Last week, Ciarocca landed his first quarterback at Penn State when class of 2021 four-star Bullis School (Potomac, Md.) signal-caller Christian Veilleux pledged his verbal commitment.

Trautwein snagged his first verbal as a Penn State coach in March when class of 2021 four-star Good Counsel (Olney, Md.) offensive lineman Landon Tengwall gave his verbal. Penn State tight ends coach Tyler Bowen also helped with Tengwall’s recruitment.

Scott got on board when class of 2021 three-star defensive end Rodney McGraw (Elkhart, Ind.) flipped his verbal commitment to Penn State from Indiana. Penn State safeties coach Tim Banks also helped with McGraw’s recruitment.

“I’ve been proud of how the staff has handled it,” Franklin said Penn State’s recruiting efforts. “Obviously, it’s been a huge adjustment for the new guys because this hasn’t been the normal transition for them.
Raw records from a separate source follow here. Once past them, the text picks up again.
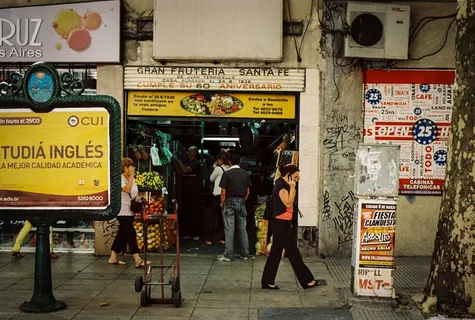 街道,商场,沿街店面,步行街,餐饮场所,圣达菲大道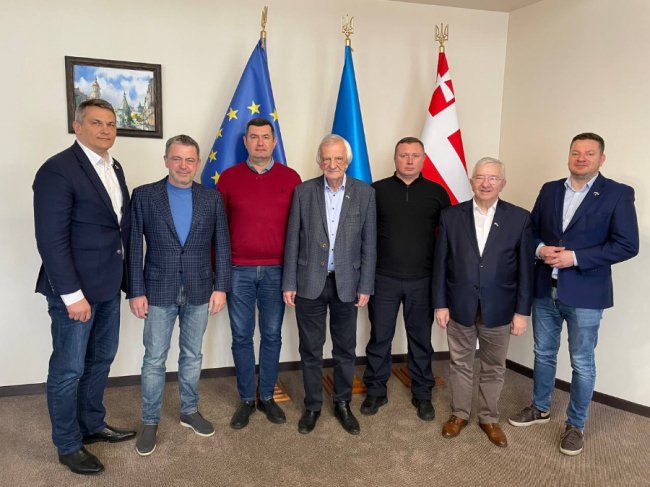 Волинь отримала вантажівку медикаментів із Польщі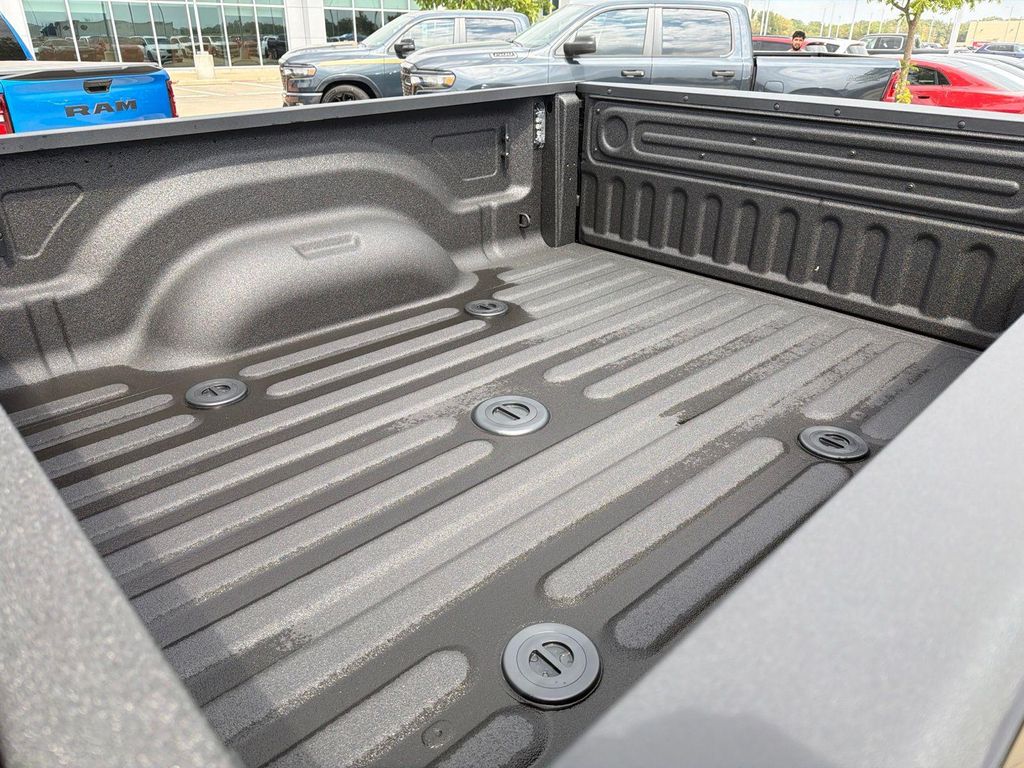 2026 RAM 2500 BLACK EXPRESS CREW CAB 4X4 6'4' BOX — миниатюра 17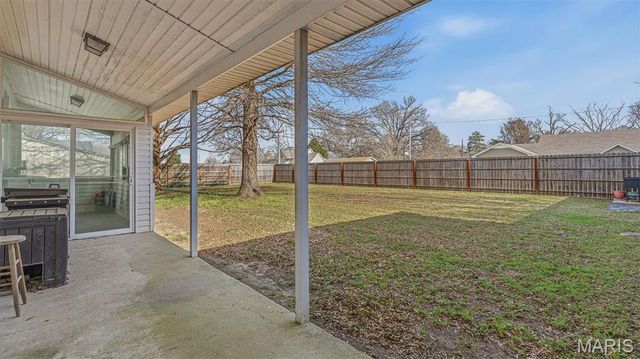 802 Beckwith Avenue, Caruthersville, MO 63830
Guys like Taylor and (Trautwein) and coach Scott, it’s been a big adjustment like it always is, but this has made it a little more complicated.”

Eleven class of 2021 members have given their verbal commitment to play for Penn State.

The methods the Nittany Lions have used this spring have been unconventional, but the results have been successful. While the program will receive a boost with each player’s commitment, Franklin said at the end of the day, they must ultimately feel confident in their decision to commit early and the impact it will have on their future as a student and as an athlete.

“So far, it’s been received well,” Franklin said. “We’re not in the pressuring recruits business. That’s not how we go about our business. But we also want to make sure when these young men, if they want to commit and they want to jump on board, we don’t want them to be doing it because of the current situation. We want them to be doing it because they feel great about Penn State, and they think it’s the right fit for their families and their futures.”